An exact copy of each line below is needed, with no images in it.
+ + +
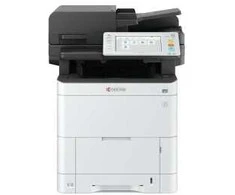 Kyocera ECOSYS MA3500cix Spausdintuvas lazerinis spalvotas MFP A4 35 ppm Tinklinis LAN USB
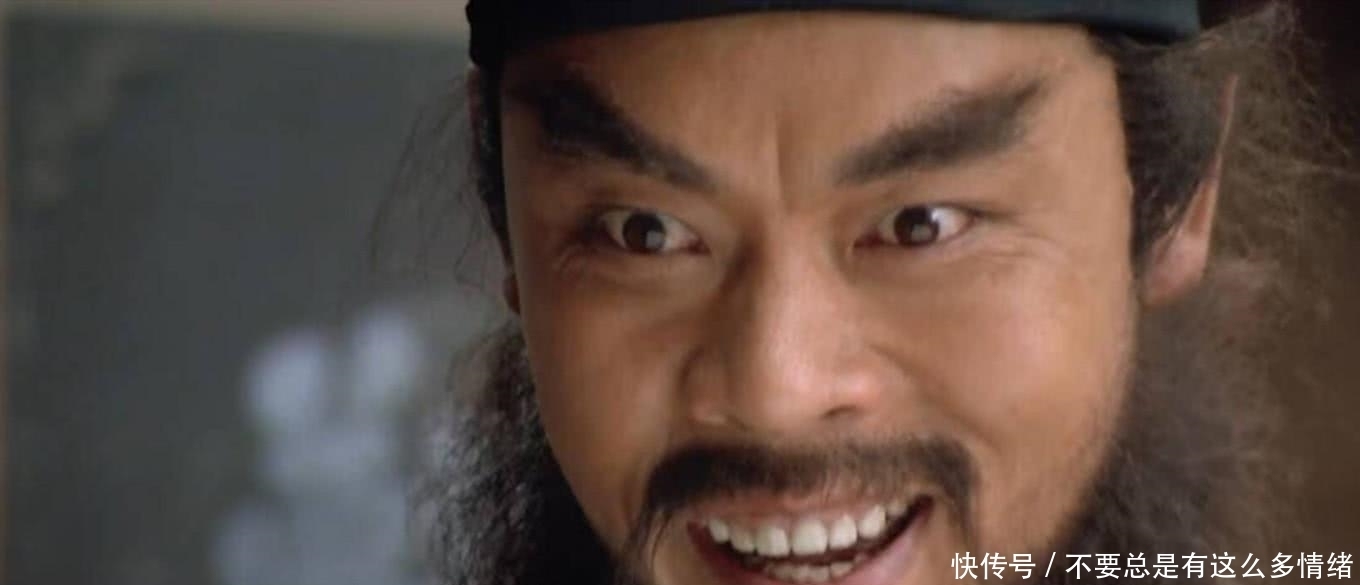 为何说,林冲当不起“好汉”之名?浅析林冲的性格与为人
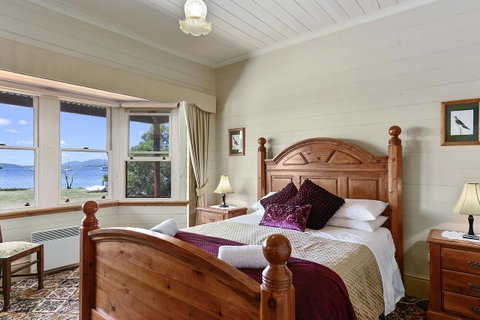 Casilda House - Lightning Ridge Tourism 0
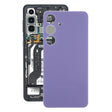 For Samsung Galaxy S24 SM-S921B OEM Battery Back Cover(Purple) - free shipping - PMc TechLife - Order now!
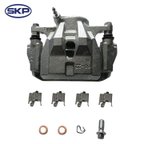 SKP SK19B3435 Disc Brake Caliper - Front Right - view 3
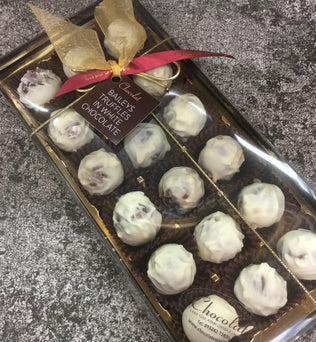 Baileys Truffles | Chocolat in Kirkby Lonsdale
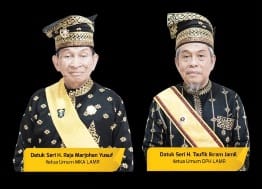 LAMR Apresiasi Pengakuan Menkeu soal DBH, Minta Transfer Daerah Segera Dituntaskan
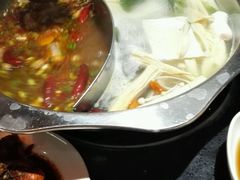 -尚水元休闲自助餐厅(中央城店)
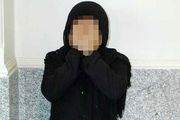 زن مشهدی در ترکیه مهمان شیطان شد!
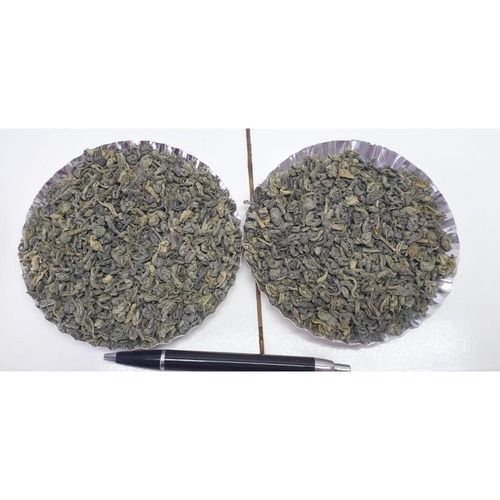 Dried 100% Natural And Pure Green Tea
+ + +
**ANSWER AREA:**
 Kyocera ECOSYS MA3500cix Spausdintuvas lazerinis spalvotas MFP A4 35 ppm Tinklinis LAN USB
 为何说,林冲当不起“好汉”之名?浅析林冲的性格与为人
 Casilda House - Lightning Ridge Tourism 0
 For Samsung Galaxy S24 SM-S921B OEM Battery Back Cover(Purple) - free shipping - PMc TechLife - Order now!
 SKP SK19B3435 Disc Brake Caliper - Front Right - view 3
 Baileys Truffles | Chocolat in Kirkby Lonsdale
 LAMR Apresiasi Pengakuan Menkeu soal DBH, Minta Transfer Daerah Segera Dituntaskan
 -尚水元休闲自助餐厅(中央城店)
 زن مشهدی در ترکیه مهمان شیطان شد!
 Dried 100% Natural And Pure Green Tea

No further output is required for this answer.